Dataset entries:
▬▬▬▬▬▬▬▬▬▬

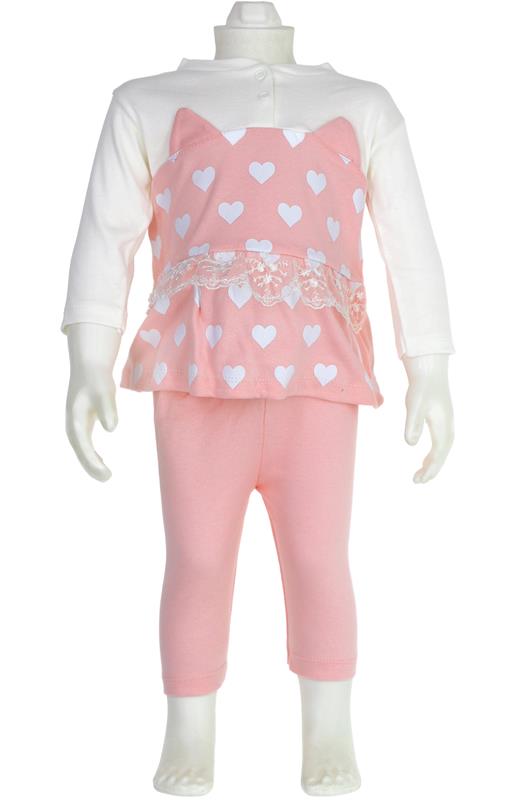 5001 seasonal pink heart print baby girl clothing wholesale 6-9-12 months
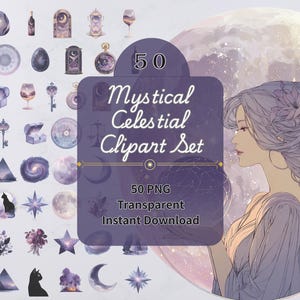 以下が含まれることがあります： 「Mystical Celestial Clipart Set」と題されたデジタルアートセット。50個のPNG透明画像が含まれています。月、星、神秘的なオブジェクトなど、紫と青の色合いの天体テーマのイラストが含まれています。長い髪の女性も描かれています。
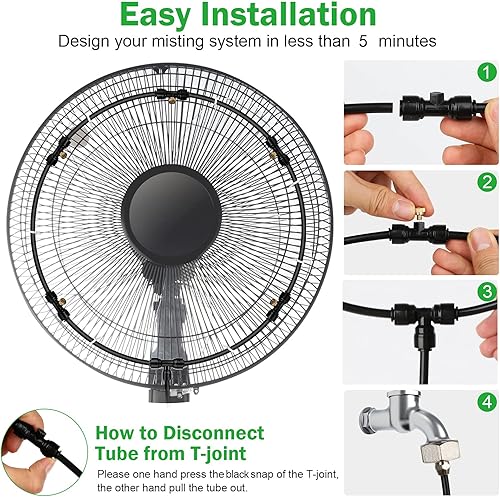 Miniatura 6 de Kit de nebulización de ventilador, sistema de refrigeración por nebulización de ventilador para exteriores con línea de nebulización de 19.36 pies +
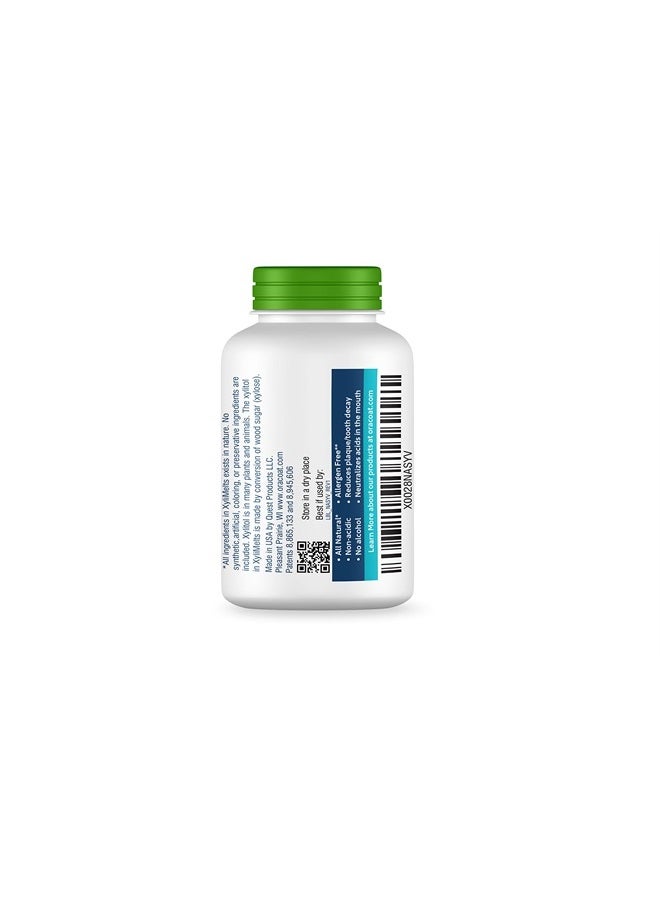 OraCoat XyliMelts Dry Mouth Relief Moisturizing Oral Adhering Discs Mild Mint with Xylitol, for Dry Mouth, Stimulates Saliva, Non-Acidic, Day and Night Use, Time Release for up to 8 Hours, 100 Count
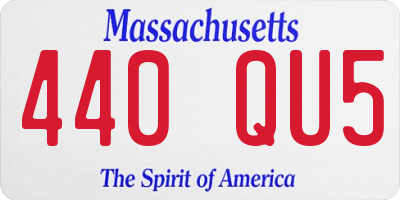 MA license plate 440QU5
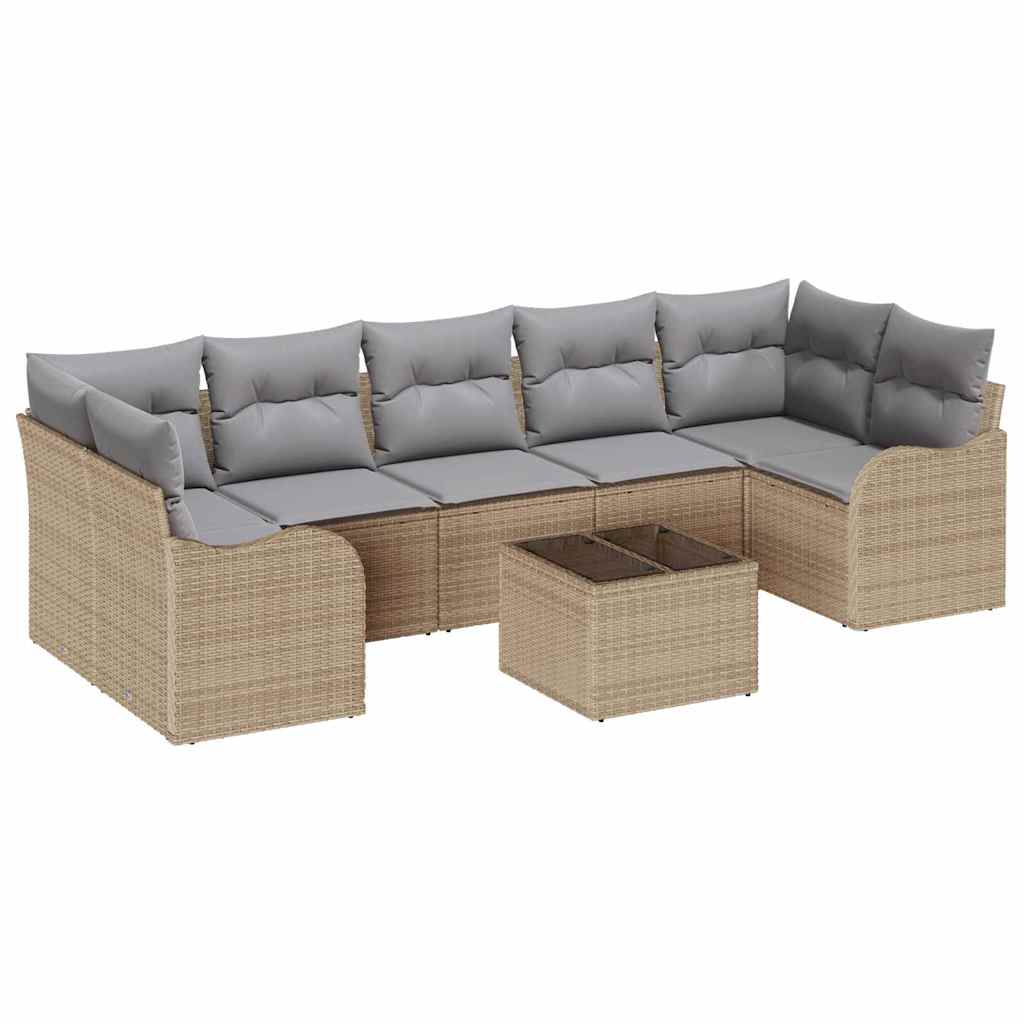 Modulaire Tuinbank – Loungeset Buiten – Tuinmeubel – Buitenbank – Balkonbank – Handgeweven Kunststof Riet – Weerbestendig Met Afneembare Kussens – Beige Grijs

▬▬▬▬▬▬▬▬▬▬

• [Task instructions]:
With the pictures excluded, retype the records above verbatim.

• [Answer below]:
 5001 seasonal pink heart print baby girl clothing wholesale 6-9-12 months
 以下が含まれることがあります： 「Mystical Celestial Clipart Set」と題されたデジタルアートセット。50個のPNG透明画像が含まれています。月、星、神秘的なオブジェクトなど、紫と青の色合いの天体テーマのイラストが含まれています。長い髪の女性も描かれています。
 Miniatura 6 de Kit de nebulización de ventilador, sistema de refrigeración por nebulización de ventilador para exteriores con línea de nebulización de 19.36 pies +
 OraCoat XyliMelts Dry Mouth Relief Moisturizing Oral Adhering Discs Mild Mint with Xylitol, for Dry Mouth, Stimulates Saliva, Non-Acidic, Day and Night Use, Time Release for up to 8 Hours, 100 Count
 MA license plate 440QU5
 Modulaire Tuinbank – Loungeset Buiten – Tuinmeubel – Buitenbank – Balkonbank – Handgeweven Kunststof Riet – Weerbestendig Met Afneembare Kussens – Beige Grijs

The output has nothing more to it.